Why my robot is still stupid: SCIoI member Vito Mengers at the Science Slam of the Berlin Clusters of Excellence at Berlin Science Week 2025

The Cluster Science Slam is one of Berlin Science Week’s most lively formats. Early-career researchers from the city’s seven Clusters of Excellence step onto the stage with just six minutes to present their work, using stories, humor, props, or performance instead of slides and technical detail. And: it is the audience that decides the winner.

This year, Science of Intelligence (SCIoI) is represented by roboticist Vito Mengers, alongside slammers from mathematics, neuroscience, cultural studies, and more, coming from MATH+, UniSysCat, Temporal Communities, SCRIPTS, Matters of Activity, and NeuroCure. The result is a moment in which research leaves the lecture hall to become a shared experience.

Rethinking what it means for a robot to act intelligently

Vito’s slam centers on an intriguing question: Maybe robots are stupid because we assume the wrong things about what it means to be smart?

In robotics, intelligence has traditionally been linked to planning, like calculating future states, selecting optimal actions, and executing carefully ordered sequences. Yet when we look at the natural world, many animals that we do not usually label as “intelligent” cope remarkably well with complex, changing environments. By contrast, robots that rely heavily on predefined plans often struggle outside carefully controlled settings.

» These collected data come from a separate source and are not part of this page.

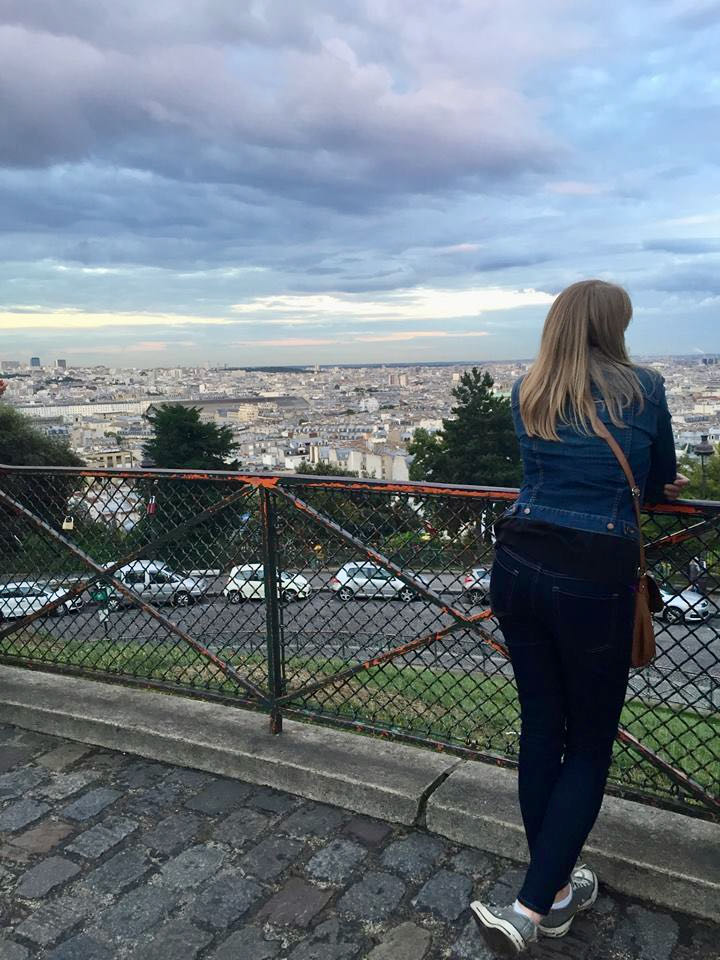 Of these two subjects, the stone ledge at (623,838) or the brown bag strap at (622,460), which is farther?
the stone ledge at (623,838)

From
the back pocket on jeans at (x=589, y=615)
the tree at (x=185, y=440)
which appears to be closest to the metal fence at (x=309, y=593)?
the back pocket on jeans at (x=589, y=615)

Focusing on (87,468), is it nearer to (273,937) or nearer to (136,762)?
(136,762)

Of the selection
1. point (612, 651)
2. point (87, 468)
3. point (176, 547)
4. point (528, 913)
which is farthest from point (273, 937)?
point (87, 468)

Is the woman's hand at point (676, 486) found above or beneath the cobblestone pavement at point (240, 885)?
above

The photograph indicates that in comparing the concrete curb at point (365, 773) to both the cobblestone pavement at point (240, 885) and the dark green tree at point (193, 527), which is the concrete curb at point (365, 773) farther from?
the dark green tree at point (193, 527)

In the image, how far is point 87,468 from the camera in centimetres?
347

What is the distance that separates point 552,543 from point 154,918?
5.12 feet

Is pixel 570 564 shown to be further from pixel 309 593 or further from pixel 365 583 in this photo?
pixel 309 593

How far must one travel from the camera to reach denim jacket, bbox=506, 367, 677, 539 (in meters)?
1.98

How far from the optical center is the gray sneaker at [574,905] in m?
2.17

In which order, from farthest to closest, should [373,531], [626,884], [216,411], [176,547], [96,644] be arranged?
1. [216,411]
2. [96,644]
3. [176,547]
4. [373,531]
5. [626,884]

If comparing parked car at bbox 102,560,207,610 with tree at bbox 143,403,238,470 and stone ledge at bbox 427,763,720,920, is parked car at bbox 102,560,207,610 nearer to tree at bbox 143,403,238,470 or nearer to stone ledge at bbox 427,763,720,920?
stone ledge at bbox 427,763,720,920

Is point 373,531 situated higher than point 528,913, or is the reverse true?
point 373,531

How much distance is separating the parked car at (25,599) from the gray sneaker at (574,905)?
2.58m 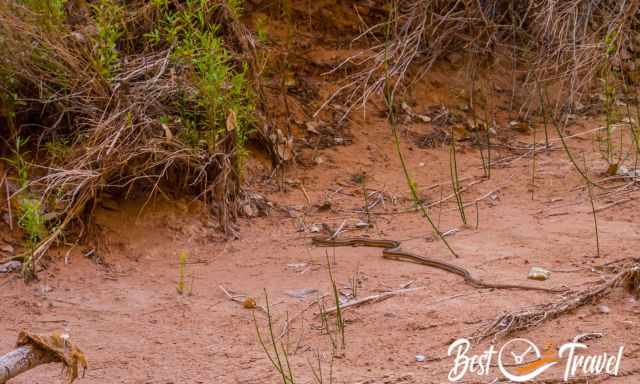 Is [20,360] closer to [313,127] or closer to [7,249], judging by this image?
[7,249]

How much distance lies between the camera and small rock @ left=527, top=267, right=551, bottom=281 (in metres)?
3.55

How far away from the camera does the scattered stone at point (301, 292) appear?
3776 mm

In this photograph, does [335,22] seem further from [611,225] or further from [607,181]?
[611,225]

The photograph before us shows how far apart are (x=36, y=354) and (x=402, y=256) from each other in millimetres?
2111

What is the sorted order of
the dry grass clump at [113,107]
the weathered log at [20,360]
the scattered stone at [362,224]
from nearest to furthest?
the weathered log at [20,360] → the dry grass clump at [113,107] → the scattered stone at [362,224]

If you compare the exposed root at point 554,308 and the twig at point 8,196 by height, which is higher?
the exposed root at point 554,308

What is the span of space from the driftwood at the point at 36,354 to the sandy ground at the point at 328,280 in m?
0.38

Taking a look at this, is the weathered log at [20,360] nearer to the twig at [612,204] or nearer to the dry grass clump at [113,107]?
the dry grass clump at [113,107]

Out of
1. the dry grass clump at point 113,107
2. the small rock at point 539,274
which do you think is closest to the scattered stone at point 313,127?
the dry grass clump at point 113,107

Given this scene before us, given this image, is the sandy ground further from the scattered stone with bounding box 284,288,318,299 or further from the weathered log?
the weathered log

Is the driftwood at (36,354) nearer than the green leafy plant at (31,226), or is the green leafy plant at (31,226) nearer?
the driftwood at (36,354)

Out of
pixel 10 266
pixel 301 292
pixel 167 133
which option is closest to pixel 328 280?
pixel 301 292

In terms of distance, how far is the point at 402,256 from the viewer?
13.6ft

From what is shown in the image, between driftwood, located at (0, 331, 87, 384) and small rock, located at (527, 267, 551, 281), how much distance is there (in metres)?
1.99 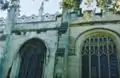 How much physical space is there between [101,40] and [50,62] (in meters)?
3.29

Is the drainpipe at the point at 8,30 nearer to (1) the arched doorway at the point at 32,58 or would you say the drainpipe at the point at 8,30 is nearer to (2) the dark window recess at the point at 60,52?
(1) the arched doorway at the point at 32,58

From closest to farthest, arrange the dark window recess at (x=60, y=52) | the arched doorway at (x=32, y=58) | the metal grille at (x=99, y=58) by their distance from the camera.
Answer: the metal grille at (x=99, y=58) < the dark window recess at (x=60, y=52) < the arched doorway at (x=32, y=58)

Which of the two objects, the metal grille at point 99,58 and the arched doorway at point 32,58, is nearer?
the metal grille at point 99,58

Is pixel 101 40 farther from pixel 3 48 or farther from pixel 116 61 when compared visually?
pixel 3 48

Rather than trying to make plans more complex, Vito’s research asks whether intelligent behavior might be possible without plans at all. But if intelligence is not primarily about having a plan, then what else might it be about?

©MATH+/Kay Herschelmann

What Vito works on beyond the stage

Behind this performance lies Vito’s everyday research as a roboticist. In his work, he explores how robots can act robustly in uncertain, real-world situations, where information is incomplete, environments change, and small disturbances can disrupt carefully designed behavior.

One of the approaches he works with is a framework called AICON (Active InterCONnect). Instead of instructing a robot with fixed sequences of actions, this method relies on continuous feedback between perception, internal estimates, and movement. The robot does not follow a stored script but rather adjusts its behavior based on whether its current actions improve the situation relative to a goal.

This way of working has been tested in physical tasks like opening a drawer under uncertain conditions. In these scenario, the robot adapts, corrects itself when something goes wrong, and continues even when the environment changes.

Why this matters

Within SCIoI, this perspective is central. Vito’s work shows how goal-directed behavior can be grounded in real-time perception and action, rather than in abstract representations and rigid plans. This connects artificial systems with biological ones, where organisms continuously adjust their behavior based on feedback rather than long-term foresight.

In this sense, his research contributes to a broader scientific question that defines the cluster: how intelligent behavior can emerge from simple principles when agents are embedded in a complex world.

The Science Slam makes it possible to share such ideas beyond academic audiences. In six minutes, stripped of technical detail, what remains is the core question: are we building intelligent machines based on the right assumptions?

As part of Berlin Science Week’s 10th anniversary under the theme “Beyond Now,” SCIoI contributes three events—an exploration of collective intelligence, the inter-cluster Science Slam, and an Excellence Pub Quiz dedicated to the nature of intelligence. Together, they reflect the cluster’s commitment to bringing fundamental research into dialogue with the public.

And while Vito’s performance does not aim to explain his methods in detail, it opens a window onto the kind of thinking that drives his research, and invites a diverse audience to reconsider what intelligence might look like, in machines and beyond.